The paper also carries a short article about Colchester Hospital University Foundation Trust. It claims managers were forced to retract a memo instructing staff not to admit mothers to a ward at Colchester General Hospital as well as maternity units in Clacton and Harwich for post-natal care unless there were clinical problems.
The maternity units are both under the threat of closure due to underuse. The paper reports the trusts said they had made a “careless and embarrassing mistake”.
9.51am: Vigilance is needed over controlled drugs, warns the Care Quality Commission.

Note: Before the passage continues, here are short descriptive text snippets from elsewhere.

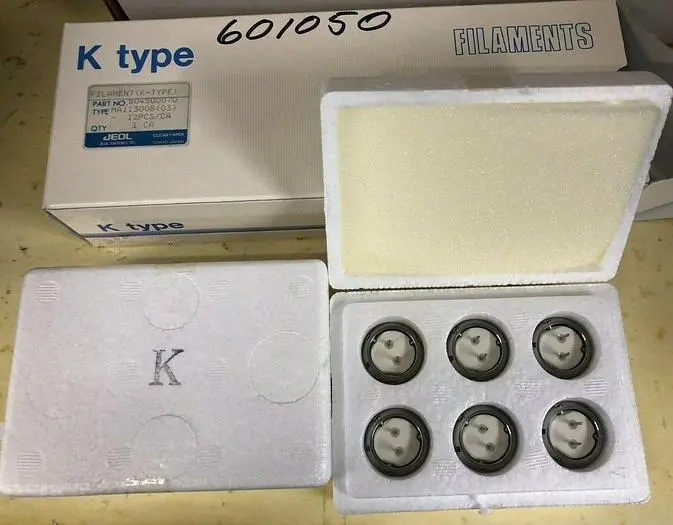 JOEL K TYPE 804500070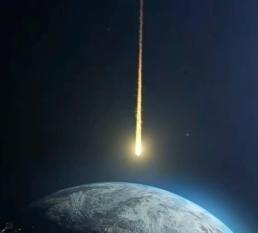 如果真的成功，中国航天将会超越所有神话！最新消息显示，中国将执行一项前所未有的深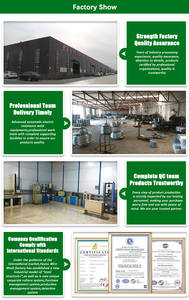 Kawat Berduri Baja Tahan Karat Single Twisted SS Grade 304 4 Mata 20kg Coil untuk Pagar Peternakan di Pantai - Product Image 6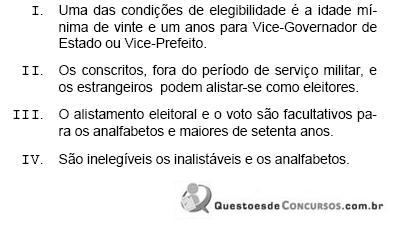 Imagem 002.jpg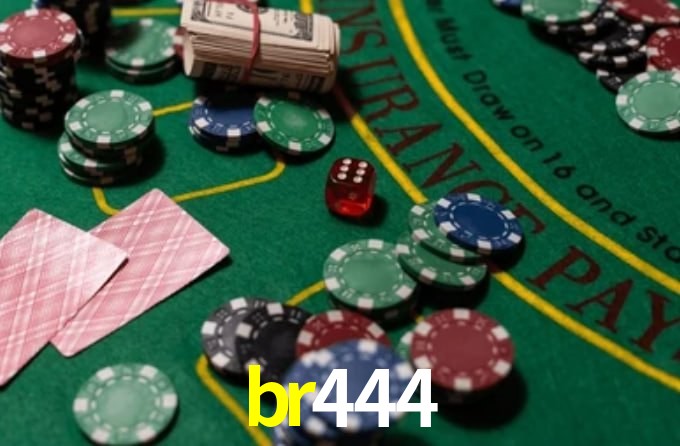 br444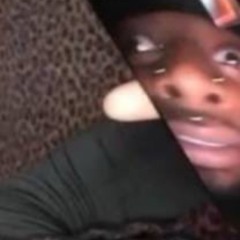 TIMELESS BUT ITS THE VERSION WE ACTUALLY WANTED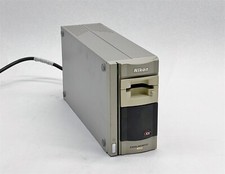 Nikon coolscan usb for sale  Garden Grove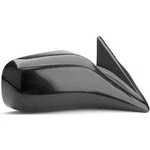 Right Passenger Side Door Mirror Fits Toyota Camry 1992-1996 TO1321115 Power. Fixed Price $59.50.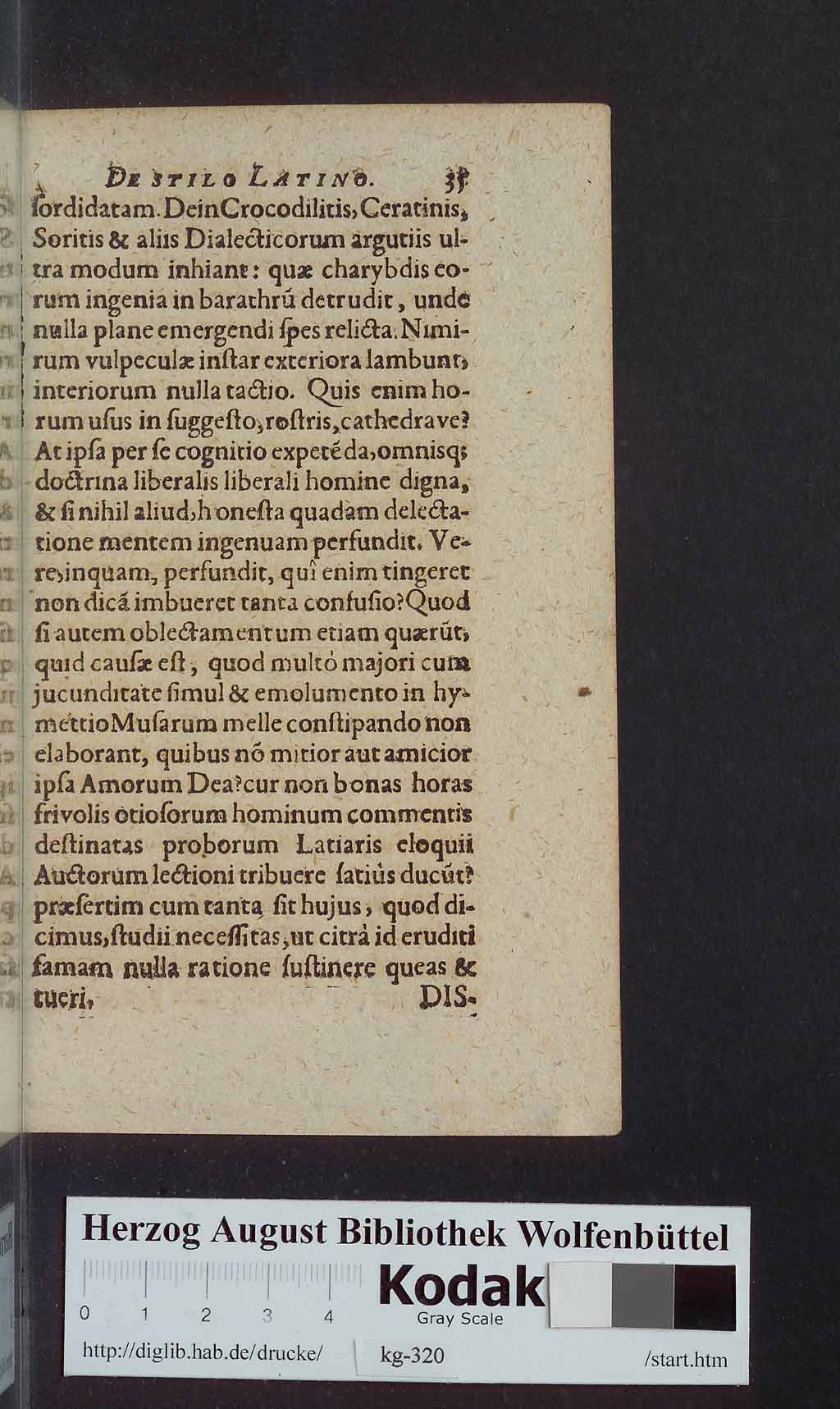 http://diglib.hab.de/drucke/kg-320/00065.jpg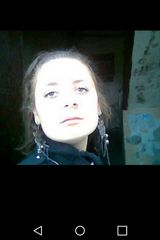 Фотография пользователя patkaa020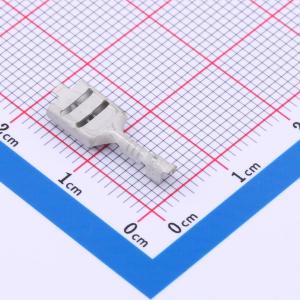 1742754-1商品缩略图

The CQC’s sixth annual report on the management of controlled drugs covers narcotics, amphetamines, anabolic steroids, tranquillisers, growth hormones and sleeping tablets.
The regulator’s report says although arrangements put in place in 2006 for monitoring controlled drugs have worked well, vigilance is needed to ensure that the good practice is maintained in the new NHS structure.
Recommendations include ensuring health professionals know how to contact local controlled drugs accountable officers, and that effective systems developed locally to record and share intelligence related to concerns about the management of controlled drugs be preserved in the new structure.
Meanwhile, the BBC has taken a different take on the report, highlighting a 50% rise in England in the use of drugs for attention deficit hyperactivity disorder in six years. NHS prescriptions for methylphenidate drugs, including Ritalin, rose from 420,000 in 2007 to 657,000 last year, according to the CQC report.
9.45am: More needs to be done in prisons to look after a growing population of older male prisoners, according to research by Manchester University.
Findings, just published by the National Institute for Health Research Journals Library, show 44% of prisons do not have a policy on the care and management of older prisoners and there was a lack of integration between health and social care services. Planning for an older prisoner’s release was also frequently non-existent.
8.45am: “Insight” from patients is still rooted in the gathering of data rather than conversations write Mark Doughty and David Gilbert on today’s HSJ Leadership channel.
Robert Francis advocated the introduction of more feedback mechanisms, and urges professionals and institutions to listen better and act accordingly. The pair argue the problem with this approach is that the fundamental engagement model remains paternalistic and is unlikely to deliver the changes required.